The professors, students and staff will begin their “Emagine” tour at Carver Middle School at a time when the state’s economic future is becoming increasingly linked to whether it can educate enough engineers.
Engineers are critical to filling the needs of some of the state’s largest employers, such as BMW, Boeing, Duke Energy, Fluor, GE and Milliken. They will also help recruit new businesses that provide even more jobs.
Kayley Seawright, a senior from Anderson who is majoring in mechanical engineering, said she has no worries about finding a job when she graduates in May. She has begun to weigh options that range from technical sales to working for a consulting firm.
“Engineers at Clemson are a hot commodity,” said Seawright, who is undergraduate student body president.
The Clemson team’s goal will be to shatter the misconception that engineering is boring, a field reserved for math-and-science brainiacs.
“You also need to be creative,” said Scott D. Schiff, the civil engineering professor who is organizing Emagine.
Professors will lead students through a series of challenges aimed at showing how engineering applies to the real world.
They will design a paddleboat and run tests to see what they can do to make it go faster. Students will also learn about designing, building and programing robots.
Schiff said he plans to have students design a structurally efficient beam using nails and strips of foam insulation. The activity replicates the design of a wind-turbine tower, a theme inspired by the new wind-turbine drivetrain testing facility at the Clemson University Restoration Institute in North Charleston.
“I hope the Emagine program gets students excited enough that they consider engineering and begin to prepare themselves for their academic and professional career,” Schiff said.
Seawright said she has found engineering anything but boring.
She has tested campus buildings to see how much air conditioning is lost through the walls and windows and suggested improvements.
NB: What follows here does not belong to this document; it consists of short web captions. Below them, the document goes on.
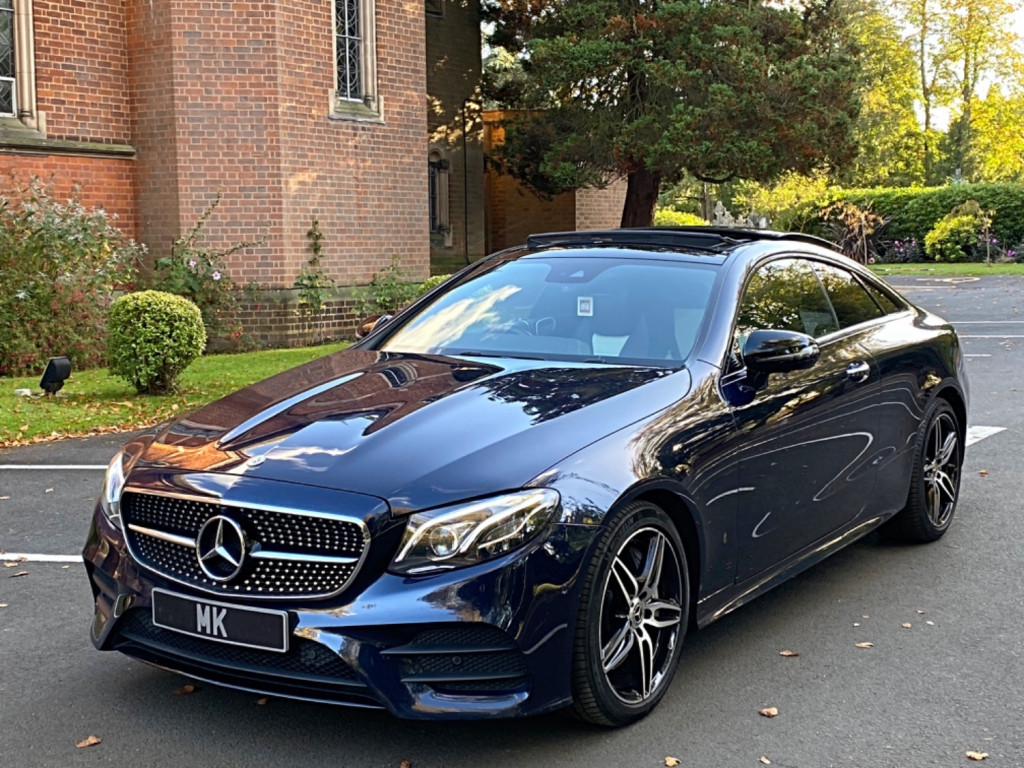 View MERCEDES-BENZ E CLASS E 400 4MATIC AMG LINE PREMIUM PLUS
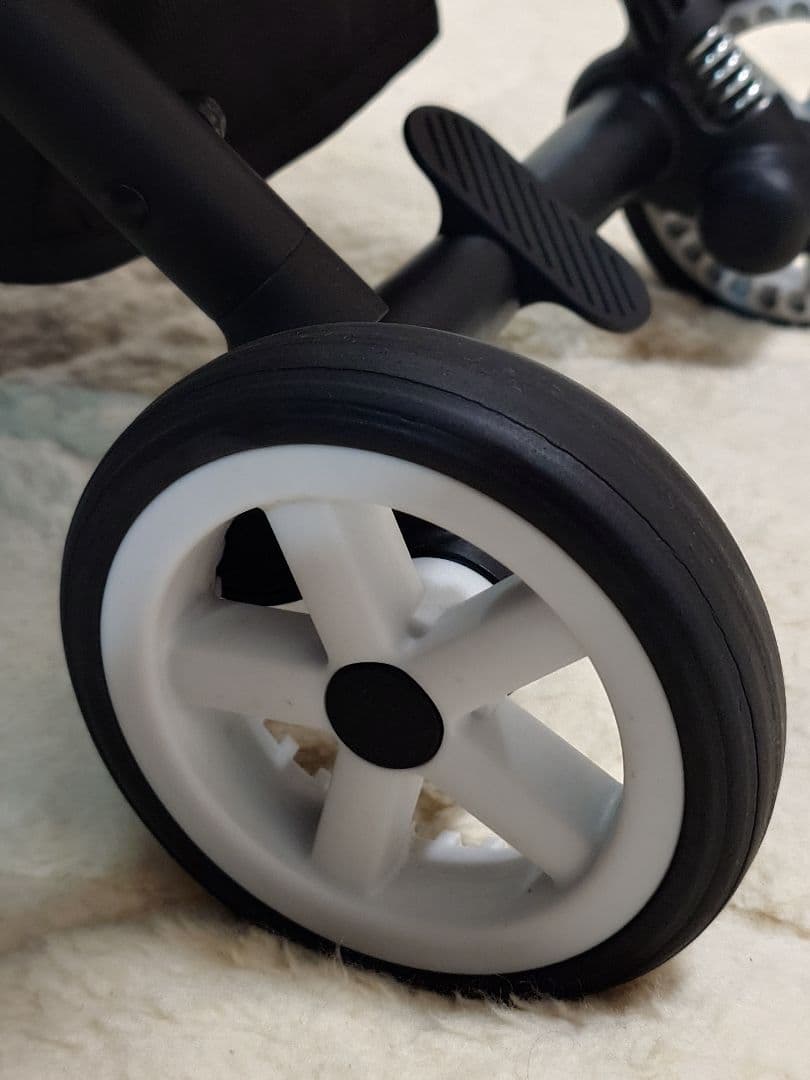 r*e様 Cybex EEZY S （サイベックスイージーS）　おまけフック付き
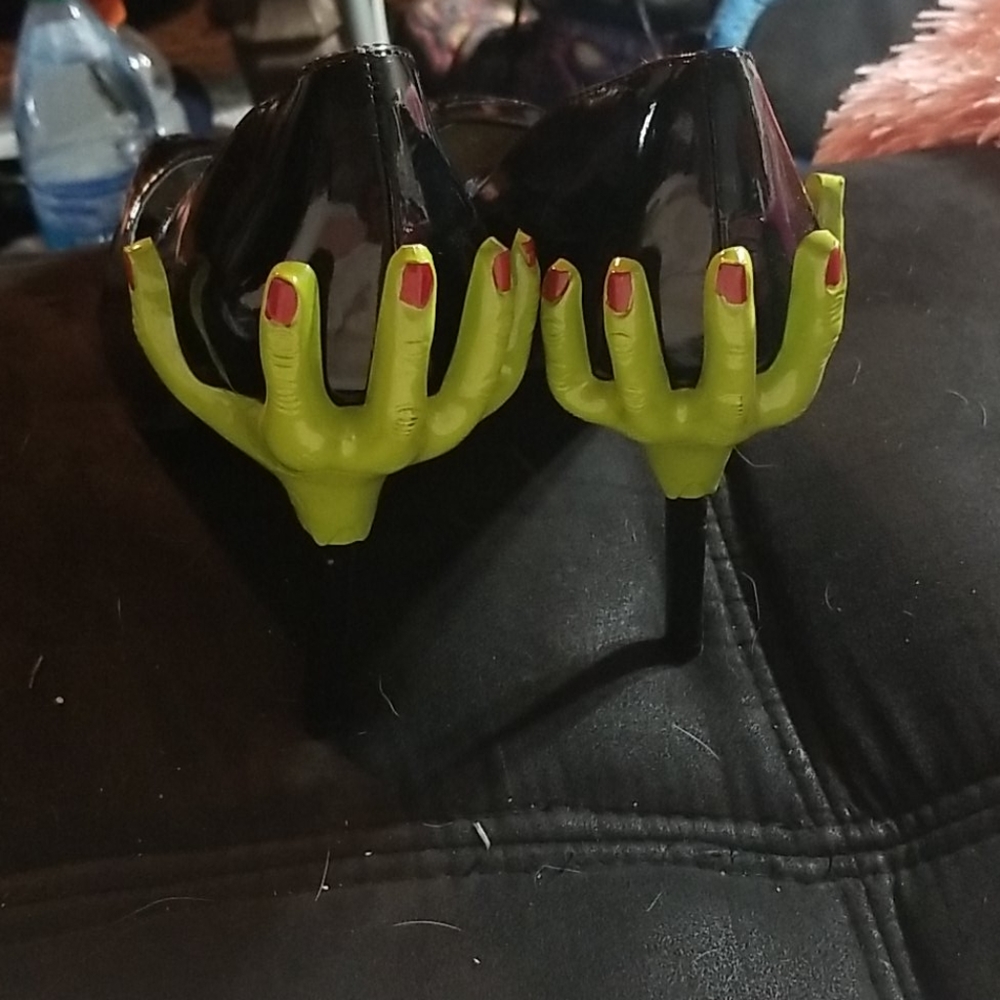 Zombie heels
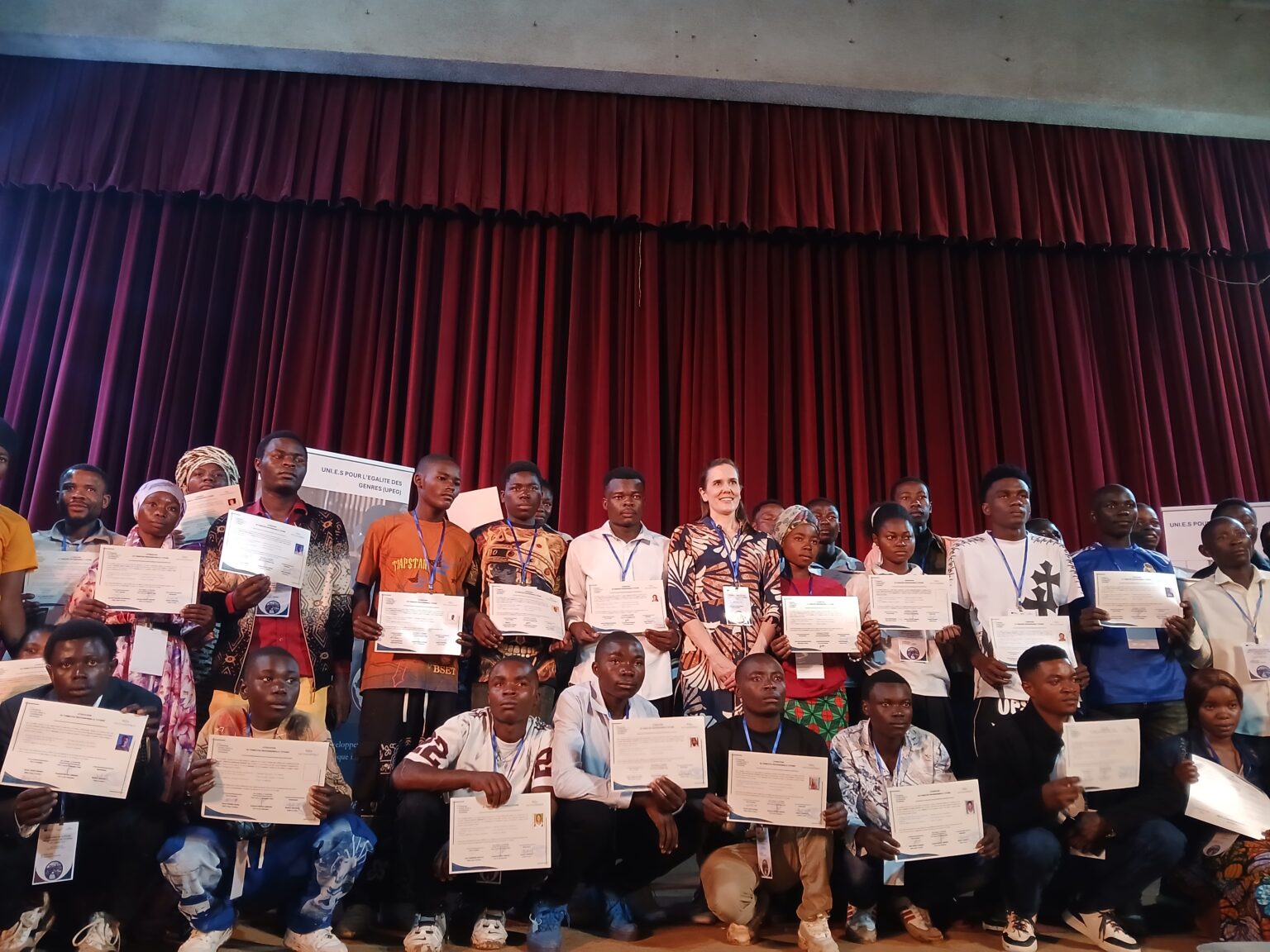 Sud-Kivu : 252 jeunes certifiés par Swiss Contact pour promouvoir l’égalité de genre Des jeunes certifiés par Swiss Contact dans le cadre du projet UPEG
Seawright said she also worked on playground equipment that would double as a water pump and could be used in areas that don’t have fresh water.
“It’s really neat to work on things you see every single day and that will make a difference in the world,” she said.
The middle- and high-school students will also hear about internships, study-abroad options and campus life. Parents will have an opportunity to learn about Clemson’s admission process.
Emagine is part of a broader outreach by Clemson to draw more students into the package of disciplines known as STEM: science, technology, engineering and math.
The earlier students begin aiming for engineering careers, the better. They need to start building technical abilities in math and science as early as middle school and certainly before the senior year of high school, Schiff said.
Numbers released by Clemson’s College of Engineering and Science last month showed that enrollment has grown nearly 54 percent since 2007 and stands at 7,167 students as of fall semester. The university as a whole grew 21.1 percent in the same period, reaching an enrollment of 21,303.
The average SAT score among the college’s incoming freshmen has increased from 1244 in 2002 to 1290 this year. A third of the college’s freshmen have the prestigious Palmetto Fellows scholarship, up from 22 percent in 2005.
The numbers’ release came on the heels of a Georgetown University study showing that the majors students choose have a big impact on future salaries.
Four of the study’s top 10 highest-earning majors in terms of median salary are offered by Clemson’s College of Engineering and Science. They are mathematics and computer science ($98,000), chemical engineering ($86,000), electrical engineering ($85,000) and mechanical engineering ($80,000).
The team’s visit to Carver Middle will be from 10 a.m. to 3 p.m. Later this semester, it will travel to Greenville, Florence and North Charleston.
As many as 240 students could attend each Emagine event.